Vücudun yağ depolayan her bölgesine uygulanabilen prosedürün bölgenin genişliğine göre lokal ya da genel anestezi altında uygulanabildiğini belirten Dr. İdacı, “Gıdı, kol, karın, bel, meme, bacak, kalça, sırt, diz içleri gibi pek çok bölge işlemin hedef alanına girmektedir. Lazer liposuction ameliyatı sırasında üç aşama bulunur. Açılan küçük deliklerden önce lazer probuyla yağ hücrelerini bertaraf etmek için gereken enerji verilir, sonrasında liposuction uygulanan bölgeye hemen ardından tekrar lazer uygulanarak sıkılaştırma ve toparlanma sağlanır. İlk aşama olan lazer yardımıyla yağların eritilmesi işlemine lazer lipoliz denir.

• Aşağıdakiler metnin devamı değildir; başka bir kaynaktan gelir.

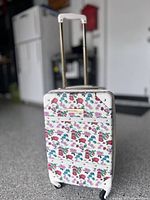 Front view of carry-on luggage with white body and multicolor floral pattern, extendable handle, and wheels.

Bunu liposuction işlemi ile yağların dışarı alınması izler ki bu durumda verimlilik en üst düzeye çıkar. Yağ alımının ardından uygulanan lazer ciltaltı dokuya daha yakın bir seviye hedeflenerek yapılır. Bu son aşamadır ve yağların alınması sonrasında boşta kalan cildin sıkılaştırılması amaçlanmaktadır. Hasta çoğu zaman aynı gün taburcu edilerek ertesi günden itibaren günlük hayatına dönüş sağlanır. İşlem sonrası uygulanan korsenin 3 hafta kadar kullanılması önerilir. Olası morluk ve şişlikler birkaç günde geçerken ödemin ve sertliklerin azalması birkaç haftayı bulabilir. Hangi bölgeye uygulanırsa uygulansın iz kaygısı taşınmayan bir ameliyattır. Hastaların prosedürle ilgili en çok merak ettikleri konuların başında işlem yapılan bölgenin eski haline dönme olasılığı gelir. Fizyoloji gereği yağ hücreleri kilo alımı sırasında sayıca çoğalmaz; var olan belli sayıdaki hücrenin her birinin hacimleri artar böylece bölge yağ depolayarak genişler. Uyguladığımız lipoliz ve liposuction işlemlerinde yağ hücrelerini bertaraf ettiğimiz için bölgedeki hücre sayısını azaltmış oluruz. Dolayısıyla bölgede kalan çok daha az sayıdaki yağ hücresinin büyüyerek kaplayabileceği hacim azalmış olur. Kısaca işlem yapılan bölgeler eskisine göre daha az yağ depolayabilme potansiyeline sahip olurlar. Bu da hemen akla kilo alınırsa vücudun başka bölgelerine anormal yağ depolanabileceği sorununu getirir ancak pratikte durum şehir efsanesi olmaktan öteye geçmez” açıklamalarında bulundu.